How are we to accept this conduct as being freedom of choice? Of course one can argue that people have the ability to ignore the channel or not purchase the newspapers, but that’s not the point. The point is that no taxpayers’ funds should be used or channelled to prop up privately owned companies. Making matters worse, I believe that more complaints have been laid against ANN7’s poor quality and biased reporting than any other news channel in the past few years. Adding fuel to the fire is their driving an agenda for a corrupt family and its links to our president who is strongly implicated in many documents that support the State Capture problem in South Africa.
Civil society should not be taken for fools. They understand the need for an uncensored media, a free media that shares all sides of the story and even possibly a healthy degree of bias in reporting from time to time. But the blatant arrogance and conduct of media houses linked to a corrupt family, one that has influenced the nation’s president and siphoned billions of taxpayers’ money off-shore, is not press freedom. It’s like being the driver of the getaway car in the bank robbery scene. Yes, he may be able to innocently claim no knowledge of what was going down at the crime scene, but they are part of the problem, even if they are driving the perpetrators from the scene of the crime in a tatty, rusty car.
The problematic decision to be made, however, lies with MultiChoice as they ponder on what they can and cannot tell the public and their subscribers, before too much damage is done. The extent of their hate-mail is rising by the day, as are the number of cancelled subscriptions. It’s what we’ve come to know in South Africa as the Bell Pottinger scenario, where the public and civil society organisations have the power to eventually bring the matter to a head, despite the valid questions of morality and freedom of association rules that ought to apply under normal circumstances.

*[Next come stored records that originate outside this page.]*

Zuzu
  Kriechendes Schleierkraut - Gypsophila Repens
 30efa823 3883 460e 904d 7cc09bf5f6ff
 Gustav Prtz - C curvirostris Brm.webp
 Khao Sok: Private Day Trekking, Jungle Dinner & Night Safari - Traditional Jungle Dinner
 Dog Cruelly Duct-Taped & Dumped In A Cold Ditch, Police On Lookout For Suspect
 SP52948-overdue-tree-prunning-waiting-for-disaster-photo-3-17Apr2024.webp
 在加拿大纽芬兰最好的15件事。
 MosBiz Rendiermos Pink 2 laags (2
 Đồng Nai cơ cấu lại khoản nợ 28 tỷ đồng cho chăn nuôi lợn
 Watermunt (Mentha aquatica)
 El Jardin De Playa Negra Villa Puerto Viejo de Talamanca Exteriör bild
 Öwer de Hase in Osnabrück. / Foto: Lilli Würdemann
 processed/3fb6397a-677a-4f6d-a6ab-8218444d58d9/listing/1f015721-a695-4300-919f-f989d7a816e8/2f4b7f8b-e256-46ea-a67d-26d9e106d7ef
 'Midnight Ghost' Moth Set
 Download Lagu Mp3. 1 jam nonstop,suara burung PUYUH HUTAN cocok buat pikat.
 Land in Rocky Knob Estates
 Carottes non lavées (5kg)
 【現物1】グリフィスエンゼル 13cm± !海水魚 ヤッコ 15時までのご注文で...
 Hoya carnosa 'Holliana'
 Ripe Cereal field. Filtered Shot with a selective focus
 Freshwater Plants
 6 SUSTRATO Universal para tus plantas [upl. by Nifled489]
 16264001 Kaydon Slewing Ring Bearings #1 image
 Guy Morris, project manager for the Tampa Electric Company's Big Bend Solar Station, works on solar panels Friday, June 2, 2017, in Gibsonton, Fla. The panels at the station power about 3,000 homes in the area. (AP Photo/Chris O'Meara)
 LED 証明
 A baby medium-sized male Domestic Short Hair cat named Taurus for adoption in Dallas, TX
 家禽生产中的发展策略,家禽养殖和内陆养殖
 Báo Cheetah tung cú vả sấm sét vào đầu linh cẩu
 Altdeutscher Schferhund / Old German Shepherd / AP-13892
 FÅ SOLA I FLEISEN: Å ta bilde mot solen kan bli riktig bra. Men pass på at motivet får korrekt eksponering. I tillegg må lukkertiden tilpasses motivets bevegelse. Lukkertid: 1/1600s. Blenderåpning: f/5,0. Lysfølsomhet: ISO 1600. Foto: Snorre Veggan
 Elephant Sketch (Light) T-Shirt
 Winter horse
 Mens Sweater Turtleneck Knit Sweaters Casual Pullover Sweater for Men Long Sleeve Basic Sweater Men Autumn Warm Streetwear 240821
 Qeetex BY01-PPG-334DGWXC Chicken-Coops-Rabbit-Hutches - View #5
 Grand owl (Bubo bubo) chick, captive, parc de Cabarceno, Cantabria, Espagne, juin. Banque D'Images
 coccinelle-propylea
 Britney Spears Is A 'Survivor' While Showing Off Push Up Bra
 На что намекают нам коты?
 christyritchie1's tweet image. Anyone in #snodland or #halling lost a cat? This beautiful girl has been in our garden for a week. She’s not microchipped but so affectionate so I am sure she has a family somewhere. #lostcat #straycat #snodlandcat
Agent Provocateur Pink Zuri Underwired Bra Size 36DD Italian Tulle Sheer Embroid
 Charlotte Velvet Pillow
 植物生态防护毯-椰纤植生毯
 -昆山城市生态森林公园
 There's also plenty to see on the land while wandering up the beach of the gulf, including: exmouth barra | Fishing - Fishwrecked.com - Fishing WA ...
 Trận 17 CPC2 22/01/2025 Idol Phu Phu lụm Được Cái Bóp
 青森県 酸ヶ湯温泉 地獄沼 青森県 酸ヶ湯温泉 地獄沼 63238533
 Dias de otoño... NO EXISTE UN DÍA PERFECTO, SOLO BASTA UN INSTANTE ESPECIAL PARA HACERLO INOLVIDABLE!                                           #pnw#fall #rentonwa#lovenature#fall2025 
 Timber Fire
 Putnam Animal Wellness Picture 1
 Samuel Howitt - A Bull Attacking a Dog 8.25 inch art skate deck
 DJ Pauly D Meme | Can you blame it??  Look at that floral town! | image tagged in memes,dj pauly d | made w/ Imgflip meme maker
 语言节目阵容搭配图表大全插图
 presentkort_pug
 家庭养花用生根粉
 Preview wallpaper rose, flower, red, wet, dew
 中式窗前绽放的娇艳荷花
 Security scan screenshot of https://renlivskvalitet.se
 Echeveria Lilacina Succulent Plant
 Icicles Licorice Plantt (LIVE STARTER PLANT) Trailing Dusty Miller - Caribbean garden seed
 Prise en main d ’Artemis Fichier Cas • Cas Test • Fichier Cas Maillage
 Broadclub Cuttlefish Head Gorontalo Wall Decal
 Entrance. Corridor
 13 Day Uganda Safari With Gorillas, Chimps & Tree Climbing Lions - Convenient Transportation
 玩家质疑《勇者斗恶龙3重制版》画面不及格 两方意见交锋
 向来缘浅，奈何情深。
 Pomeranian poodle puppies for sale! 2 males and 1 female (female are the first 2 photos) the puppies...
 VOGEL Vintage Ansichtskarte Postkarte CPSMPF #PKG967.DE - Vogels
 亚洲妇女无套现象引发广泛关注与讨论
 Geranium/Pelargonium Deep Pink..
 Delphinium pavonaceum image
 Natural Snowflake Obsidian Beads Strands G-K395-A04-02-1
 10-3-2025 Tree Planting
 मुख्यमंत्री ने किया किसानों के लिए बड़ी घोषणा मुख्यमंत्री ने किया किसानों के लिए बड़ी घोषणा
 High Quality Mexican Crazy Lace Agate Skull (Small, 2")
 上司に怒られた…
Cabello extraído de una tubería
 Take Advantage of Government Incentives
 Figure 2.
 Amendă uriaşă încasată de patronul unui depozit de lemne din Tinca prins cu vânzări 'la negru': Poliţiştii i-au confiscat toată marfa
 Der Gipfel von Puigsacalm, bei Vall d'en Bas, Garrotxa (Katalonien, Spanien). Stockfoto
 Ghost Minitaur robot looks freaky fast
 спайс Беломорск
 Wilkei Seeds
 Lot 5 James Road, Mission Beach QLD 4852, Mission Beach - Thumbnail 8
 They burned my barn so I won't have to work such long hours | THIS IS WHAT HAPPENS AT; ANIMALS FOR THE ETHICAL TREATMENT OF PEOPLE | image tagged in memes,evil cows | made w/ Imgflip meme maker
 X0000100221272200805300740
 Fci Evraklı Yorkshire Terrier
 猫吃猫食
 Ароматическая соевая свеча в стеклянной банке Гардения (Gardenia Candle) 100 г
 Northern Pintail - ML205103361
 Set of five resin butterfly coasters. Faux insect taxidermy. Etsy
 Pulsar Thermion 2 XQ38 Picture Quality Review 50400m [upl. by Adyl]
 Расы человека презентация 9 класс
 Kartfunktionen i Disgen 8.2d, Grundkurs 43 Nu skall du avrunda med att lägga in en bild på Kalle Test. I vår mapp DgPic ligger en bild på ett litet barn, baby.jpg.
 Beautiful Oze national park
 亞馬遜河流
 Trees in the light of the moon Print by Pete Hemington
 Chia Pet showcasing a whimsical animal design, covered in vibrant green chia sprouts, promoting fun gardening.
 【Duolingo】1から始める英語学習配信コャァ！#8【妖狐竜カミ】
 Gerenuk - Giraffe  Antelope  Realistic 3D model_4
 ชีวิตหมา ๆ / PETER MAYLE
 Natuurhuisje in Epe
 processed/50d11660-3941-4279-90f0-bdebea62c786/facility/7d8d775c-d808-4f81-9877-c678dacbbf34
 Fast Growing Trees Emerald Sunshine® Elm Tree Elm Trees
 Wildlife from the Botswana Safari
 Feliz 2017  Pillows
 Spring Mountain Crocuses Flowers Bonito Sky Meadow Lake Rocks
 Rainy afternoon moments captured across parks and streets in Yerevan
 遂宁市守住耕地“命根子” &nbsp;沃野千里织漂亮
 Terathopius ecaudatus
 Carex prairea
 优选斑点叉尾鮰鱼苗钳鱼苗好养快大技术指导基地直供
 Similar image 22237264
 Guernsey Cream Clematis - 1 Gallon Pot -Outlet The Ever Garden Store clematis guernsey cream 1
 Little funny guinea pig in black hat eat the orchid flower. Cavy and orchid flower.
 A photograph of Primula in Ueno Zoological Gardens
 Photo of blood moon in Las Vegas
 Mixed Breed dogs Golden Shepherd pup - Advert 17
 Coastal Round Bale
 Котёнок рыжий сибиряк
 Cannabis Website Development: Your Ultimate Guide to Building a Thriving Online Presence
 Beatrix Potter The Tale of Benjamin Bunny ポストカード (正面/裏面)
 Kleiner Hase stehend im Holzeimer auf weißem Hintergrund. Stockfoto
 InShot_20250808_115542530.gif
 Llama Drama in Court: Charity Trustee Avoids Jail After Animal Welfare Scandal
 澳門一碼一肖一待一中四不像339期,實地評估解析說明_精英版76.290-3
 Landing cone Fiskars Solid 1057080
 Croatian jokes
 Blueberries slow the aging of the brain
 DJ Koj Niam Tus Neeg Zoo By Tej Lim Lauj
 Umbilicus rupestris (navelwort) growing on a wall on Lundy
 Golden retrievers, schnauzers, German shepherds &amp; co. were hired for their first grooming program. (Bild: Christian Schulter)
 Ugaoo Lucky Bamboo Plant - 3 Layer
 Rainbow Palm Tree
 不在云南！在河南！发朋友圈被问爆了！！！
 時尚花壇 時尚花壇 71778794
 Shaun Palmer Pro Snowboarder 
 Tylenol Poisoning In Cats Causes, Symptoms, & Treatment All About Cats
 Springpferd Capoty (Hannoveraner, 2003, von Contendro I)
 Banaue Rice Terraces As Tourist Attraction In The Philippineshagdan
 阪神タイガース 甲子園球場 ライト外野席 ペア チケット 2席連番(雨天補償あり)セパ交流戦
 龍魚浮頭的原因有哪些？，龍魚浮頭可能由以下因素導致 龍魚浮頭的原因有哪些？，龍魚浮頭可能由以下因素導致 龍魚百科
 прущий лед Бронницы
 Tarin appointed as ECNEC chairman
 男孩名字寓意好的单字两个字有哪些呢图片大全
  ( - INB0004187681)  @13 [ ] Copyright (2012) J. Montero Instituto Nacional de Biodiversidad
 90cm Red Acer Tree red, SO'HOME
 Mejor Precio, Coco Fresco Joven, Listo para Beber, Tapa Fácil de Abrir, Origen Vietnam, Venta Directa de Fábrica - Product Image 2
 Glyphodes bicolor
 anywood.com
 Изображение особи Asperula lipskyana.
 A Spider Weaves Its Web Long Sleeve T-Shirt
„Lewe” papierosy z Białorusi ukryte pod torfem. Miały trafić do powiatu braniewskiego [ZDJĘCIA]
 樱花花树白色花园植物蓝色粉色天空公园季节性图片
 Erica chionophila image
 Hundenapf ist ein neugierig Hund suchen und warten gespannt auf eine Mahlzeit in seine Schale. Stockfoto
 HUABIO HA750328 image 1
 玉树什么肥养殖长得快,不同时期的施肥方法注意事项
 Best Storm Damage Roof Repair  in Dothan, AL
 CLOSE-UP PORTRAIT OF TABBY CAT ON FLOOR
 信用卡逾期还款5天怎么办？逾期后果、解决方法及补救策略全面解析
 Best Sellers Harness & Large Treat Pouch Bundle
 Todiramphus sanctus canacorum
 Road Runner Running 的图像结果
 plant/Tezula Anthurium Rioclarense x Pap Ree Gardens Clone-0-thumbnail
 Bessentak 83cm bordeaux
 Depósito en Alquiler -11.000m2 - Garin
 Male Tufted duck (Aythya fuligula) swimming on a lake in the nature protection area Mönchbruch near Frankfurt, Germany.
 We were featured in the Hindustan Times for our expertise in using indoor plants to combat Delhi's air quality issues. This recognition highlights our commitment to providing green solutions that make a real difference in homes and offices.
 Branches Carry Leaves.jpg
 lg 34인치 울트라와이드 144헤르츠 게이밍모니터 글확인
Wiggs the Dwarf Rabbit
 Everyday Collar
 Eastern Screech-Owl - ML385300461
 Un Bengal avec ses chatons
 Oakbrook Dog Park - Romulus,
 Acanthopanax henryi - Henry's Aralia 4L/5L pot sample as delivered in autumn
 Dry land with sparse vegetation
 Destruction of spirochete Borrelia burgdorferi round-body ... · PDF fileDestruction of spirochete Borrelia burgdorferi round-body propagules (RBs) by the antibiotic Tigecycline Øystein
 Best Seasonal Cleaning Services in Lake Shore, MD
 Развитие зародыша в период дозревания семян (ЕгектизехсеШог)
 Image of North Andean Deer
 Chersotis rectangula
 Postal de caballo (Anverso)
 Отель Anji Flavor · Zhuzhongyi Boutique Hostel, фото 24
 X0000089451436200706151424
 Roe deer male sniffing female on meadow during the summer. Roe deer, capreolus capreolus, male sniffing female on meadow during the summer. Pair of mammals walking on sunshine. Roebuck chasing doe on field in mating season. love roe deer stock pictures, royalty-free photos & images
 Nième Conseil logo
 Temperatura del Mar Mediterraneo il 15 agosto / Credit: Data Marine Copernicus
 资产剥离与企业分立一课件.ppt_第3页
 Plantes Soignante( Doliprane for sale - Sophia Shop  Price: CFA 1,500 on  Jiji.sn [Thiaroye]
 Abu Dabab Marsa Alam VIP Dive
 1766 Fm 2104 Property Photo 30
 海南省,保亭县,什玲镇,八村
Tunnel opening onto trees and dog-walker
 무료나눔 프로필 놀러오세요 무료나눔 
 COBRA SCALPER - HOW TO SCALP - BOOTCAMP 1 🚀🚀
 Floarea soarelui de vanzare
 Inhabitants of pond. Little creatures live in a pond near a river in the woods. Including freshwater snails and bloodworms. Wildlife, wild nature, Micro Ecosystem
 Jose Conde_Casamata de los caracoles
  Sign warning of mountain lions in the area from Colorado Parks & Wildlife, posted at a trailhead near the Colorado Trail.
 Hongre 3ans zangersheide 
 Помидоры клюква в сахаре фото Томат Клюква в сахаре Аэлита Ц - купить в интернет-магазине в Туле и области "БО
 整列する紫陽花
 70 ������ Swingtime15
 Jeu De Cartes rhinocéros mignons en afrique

There is nothing normal about the rules to be applied when fighting corruption in South Africa. The normal rules of business are not in play here, and the enormity of weight against the people by an unruly connected element of government officials who controls the taxpayers’ purse strings has become too much to swallow. So when civil society’s actions take liberties and push the “freedom of speech” envelope to the edge, they do so by rightfully adding, “but not at the expense of my hard-earned taxes”, especially when the media house lays on thick, the unashamed and tasty sauce of biased reporting.